When Richard Feynman read a white paper, he would read it until he fully understood the stated problem. Then he would stop, walk away from the document and try to solve the problem himself. Now, why would one, no matter how bright and accomplished, take the time to solve a problem that had already been solved? Simple, it is not about the individual issue, it is about improving oneself and, when applied to a company, improving its culture of always thinking of creating a better way.
Years ago, I was just starting my position managing showrooms and just returned from the DPHA conference learning one of our insightful members had found a way to earn another five points on a certain segment of our business. I was so excited. Five points heading straight to the bottom line, what could be better? I listened carefully to their plan deliberately noting every step. When I arrived home, I immediately called a team meeting to get this implemented and earn our extra five points.

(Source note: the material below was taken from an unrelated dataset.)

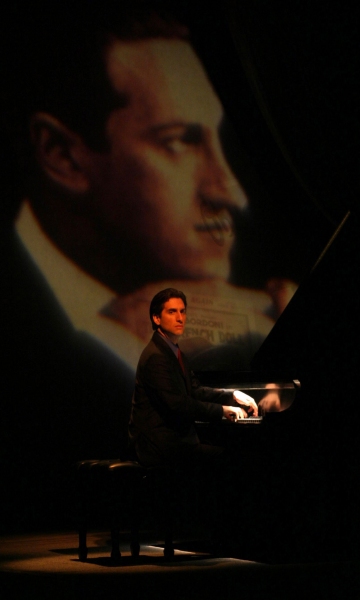 Photo Flash: Pasadena Playhouse's GEORGE GERSHWIN ALONE Image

After presenting the goal, noting the successful and well-known showroom who had achieved this, I then unveiled the strategy and tactics. I stepped back to listen to the team’s enthusiastic responses. Everybody in the room looked at me as if I was nuts. Negative comments rang out: “We cannot do that to our customers,” “We know what profits we can make” and “We have been selling here for decades, this will never work.”

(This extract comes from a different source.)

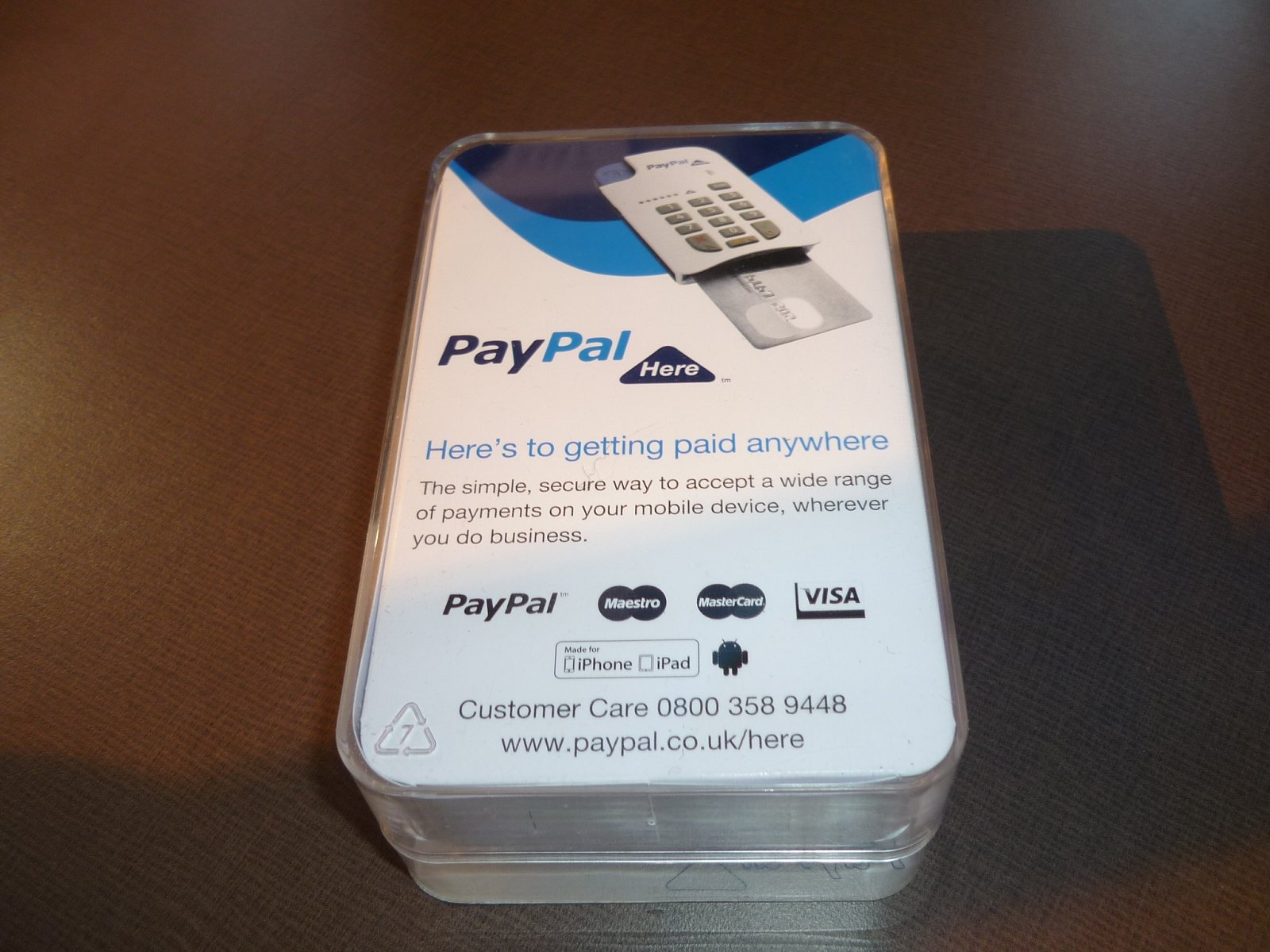 Proměňte svůj mobil a PayPal účet pro příjem platebních karet.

Frustrated, I went back to my office and stared at the walls for a while. Then I realized, I read the complete white paper but never created a way to earn the extra points in our showroom with our talented people and our culture. I forgot about Richard Feynman challenging himself; I needed to challenge the team. I needed to layout the opportunity, note another comparable showroom had reached this profit label and then build the strategy and tactics with my team. So I met with the managers and we got to work. Over the next few months, we set the goal, the team crafted a plan and we reached the goal. It was beautiful to participate and watch it slowly slip into the culture then deliver the extra profits. I was fortunate to work with such open-minded, talented people.
Even if my team had accepted my presented goal and strategy, that process was the lazy path to take. My team needed to do it themselves. Once they learned another showroom had reached that goal, they knew it was attainable, but they needed to find their own way. We would have to work together, dig into our company and create our own unique strategy and tactics. This process earns a strong buy-in and all employees have a direct stake in its success. The pride they will gain as the new process takes off and the eye-catching results start to show up is priceless on many levels, inside and outside the company. Confidence can be shaken daily, and wins like this go a long way in helping all involved dive head first into other opportunities with gusto and grit.

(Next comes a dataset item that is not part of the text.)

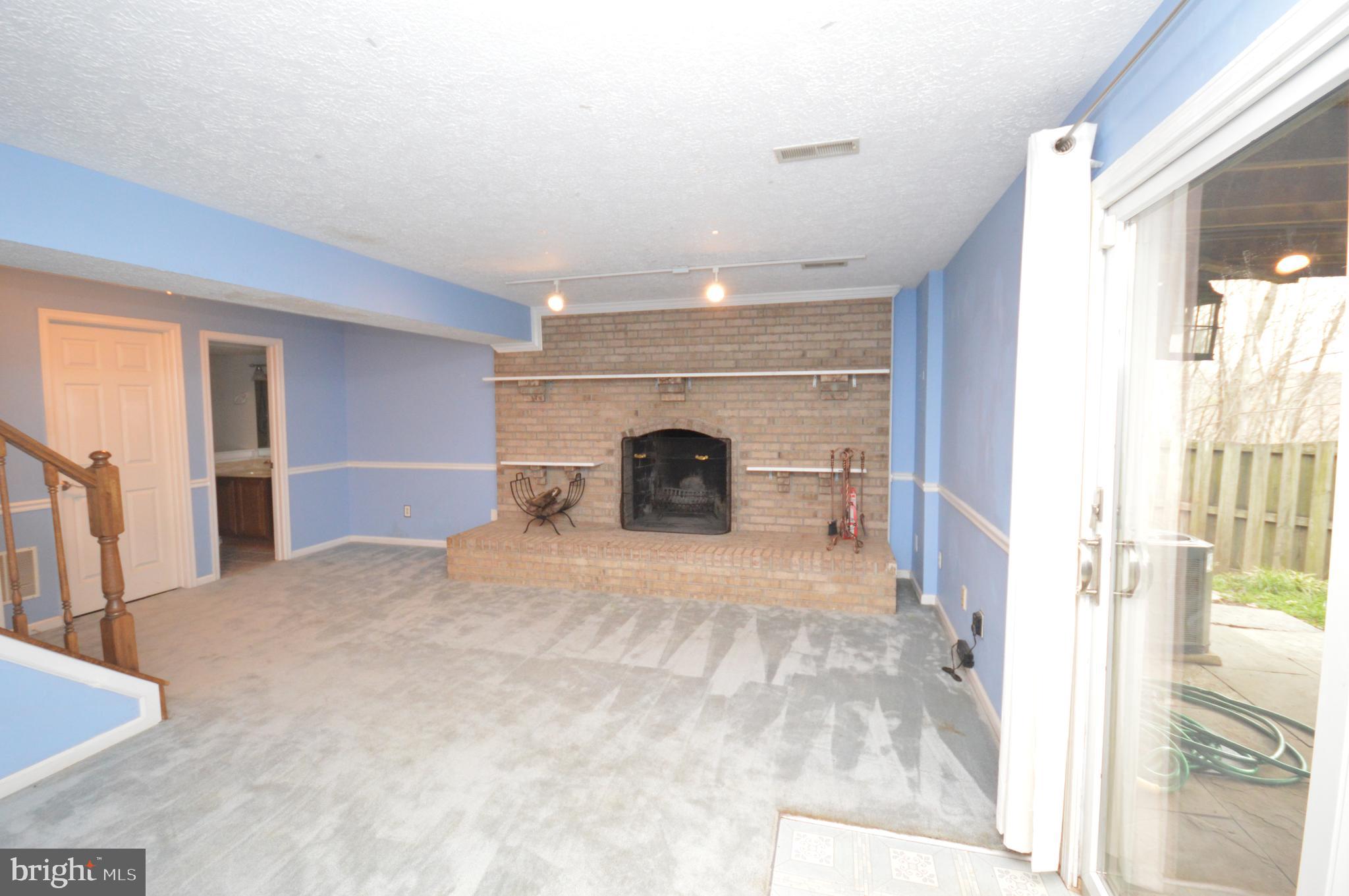 HOLLYMEAD - Residential Lease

Additionally, during the process of digging into the company, who knows what else they will discover. They will find and define weaknesses and strengths. The weaknesses can be shored up and the strengths leveraged. With their newly bolstered confidence, your team will have the mindset to tackle most any group or individual improvement project. With that extra gained insight, you will be able to decide where the best opportunities for improvement are and set up a focused goal list for your proud team to research, strategize and conquer.
Best practice discussions are wonderful forums to gain a broader understanding of how like businesses are improving their processes and cultures to yield results in a constantly changing market. But, simply trying to implement processes from outside your culture might deliver a win here and there but at what long term cost?
As you arrive back from a conference with the knowledge of a process that will improve your business, you will gain more if you channel Richard Feynman and enlighten your team to the problem or goal and work together to make it happen.
Great companies have an internal drive to always get better and are always searching for weakness to repair and strengths to leverage.